Before the drawings are described in detail, it should be clarified that the classification of the constituent units in the present specification is merely a division depending on the main function that each constituent unit is responsible for. Specifically, two or more constituent units to be described below may be combined into one constituent unit, or one constituent unit may be divided into two or more for each subdivided function. Furthermore, it will be understood that each of the constituent units to be described below may additionally perform some or all of the functions of other constituent units in addition to the main function it is responsible for and also that some of the main functions that the constituent units are responsible for may be exclusively performed by other constituent units.

Moreover, in performing the method or operation method, individual processes constituting the method may occur differently from the specified order unless a specific order is clearly described in context. Specifically, individual processes may occur in the same order as specified, may be performed substantially simultaneously, or may be performed in reverse order.

Hereinafter, an overall process of a data processing device performing a method of generating synthetic speech data will be described.

FIG. 1 is a diagram illustrating an overall process of a data processing device 100 performing a method of generating synthetic speech data.

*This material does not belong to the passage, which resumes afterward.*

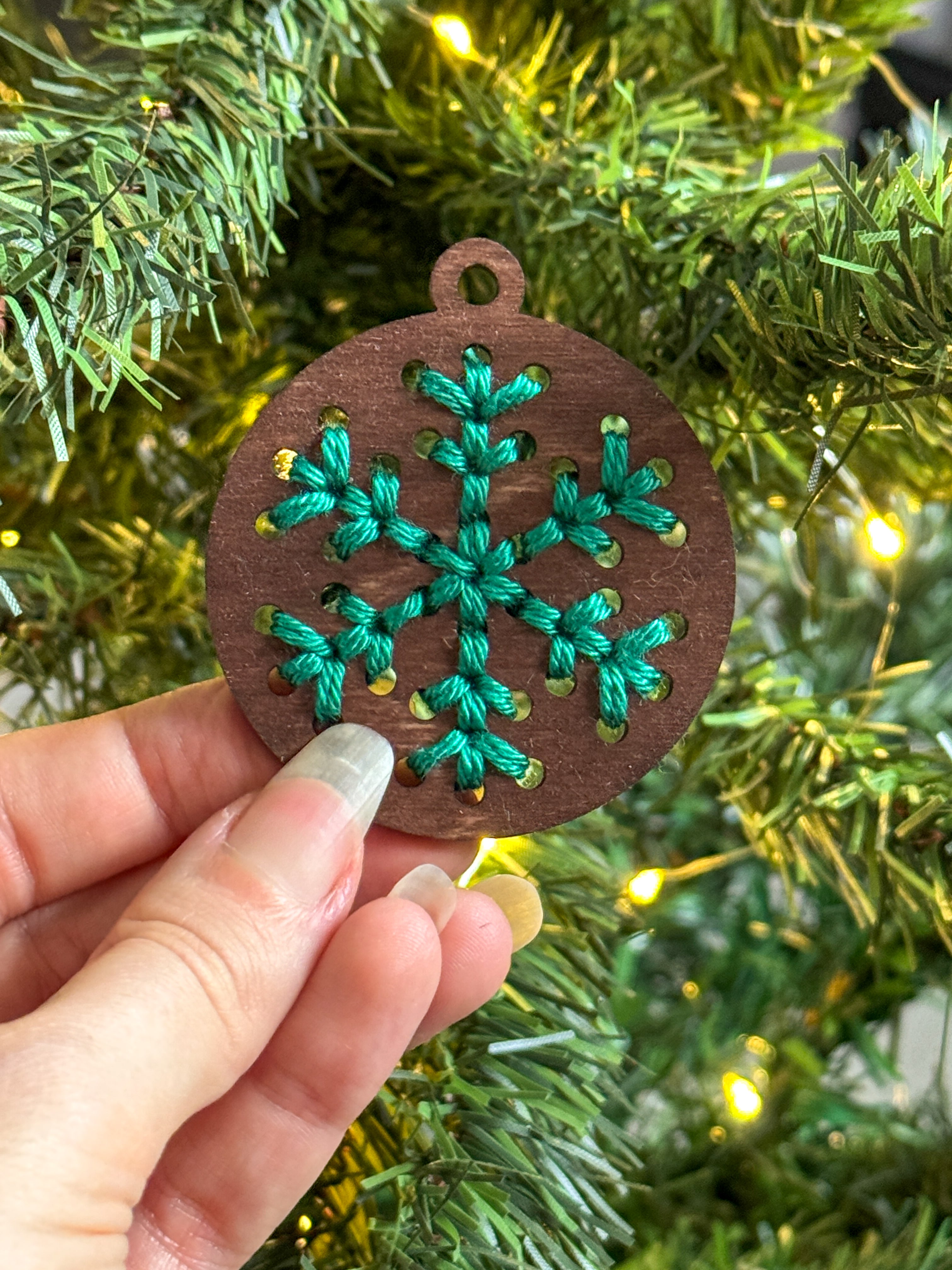 Kreativní sada na vyšívání – Dřevěné vločky tmavé (5 ks)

The data processing device 100 can be physically implemented in various forms. For example, the data processing device 100 may have the form of a PC, a laptop, a smart device, a server, or a data processing chipset.

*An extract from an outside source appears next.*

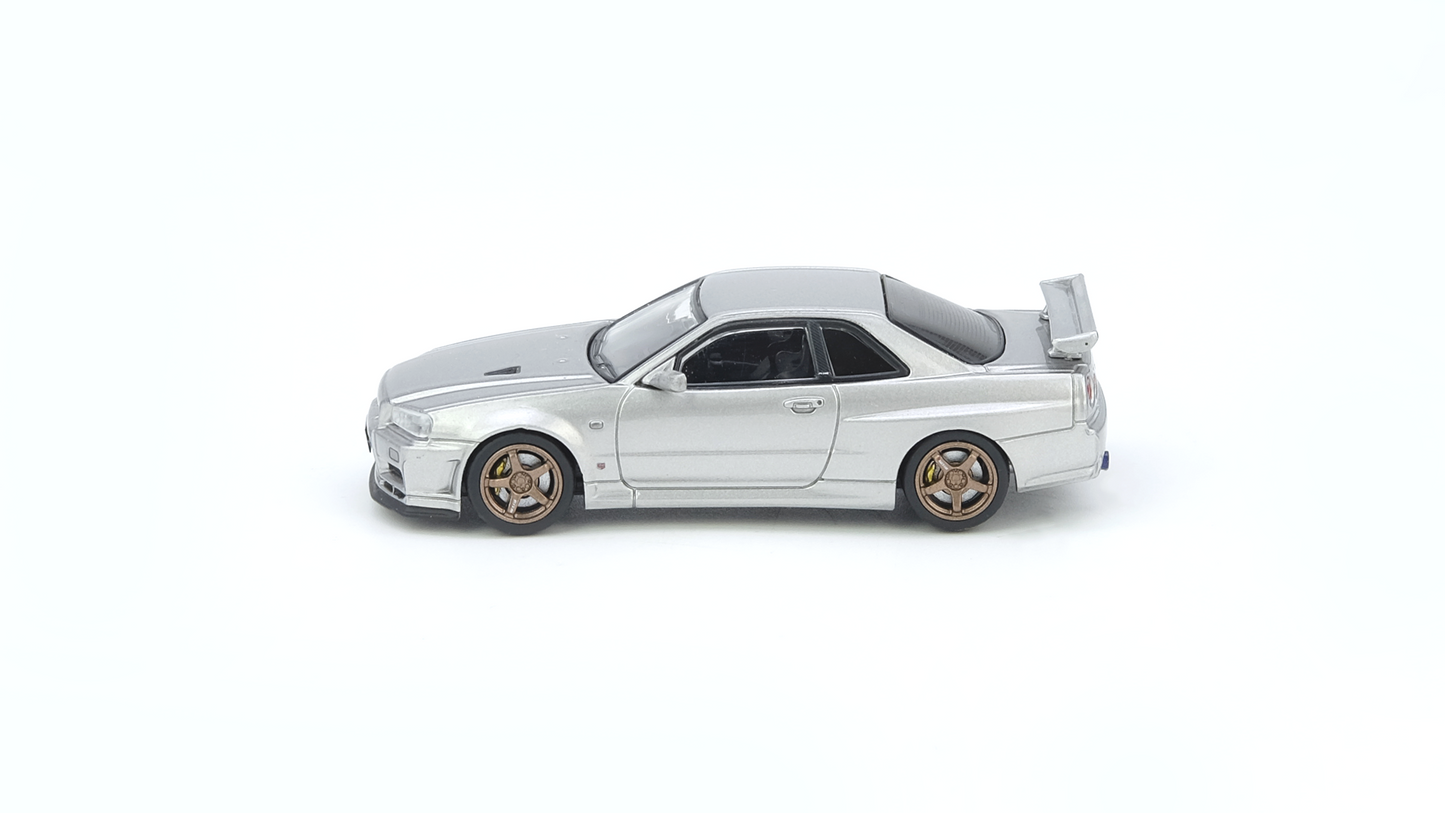 NISSAN SKYLINE GT-R (R34) V-Spec II Silver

The data processing device 100 may exist singly or in plurality. That is, the aforementioned method of generating synthetic speech data may be performed by at least one data processing device 100.

The data processing device 100 may be a device that performs the method of generating synthetic speech data. The data processing device 100 may acquire text data and speech data. The data processing device 100 may extract timbre information from the text data. The data processing device 100 may generate synthetic speech data based on the extracted timbre information and speech data. The data processing device 100 may output the generated synthetic speech data.

Hereinafter, a method of generating synthetic speech data will be described in more detail.

FIG. 2 is a flowchart 200 illustrating one embodiment of generating synthetic speech data.

The data processing device may acquire text data and speech data in operation 210.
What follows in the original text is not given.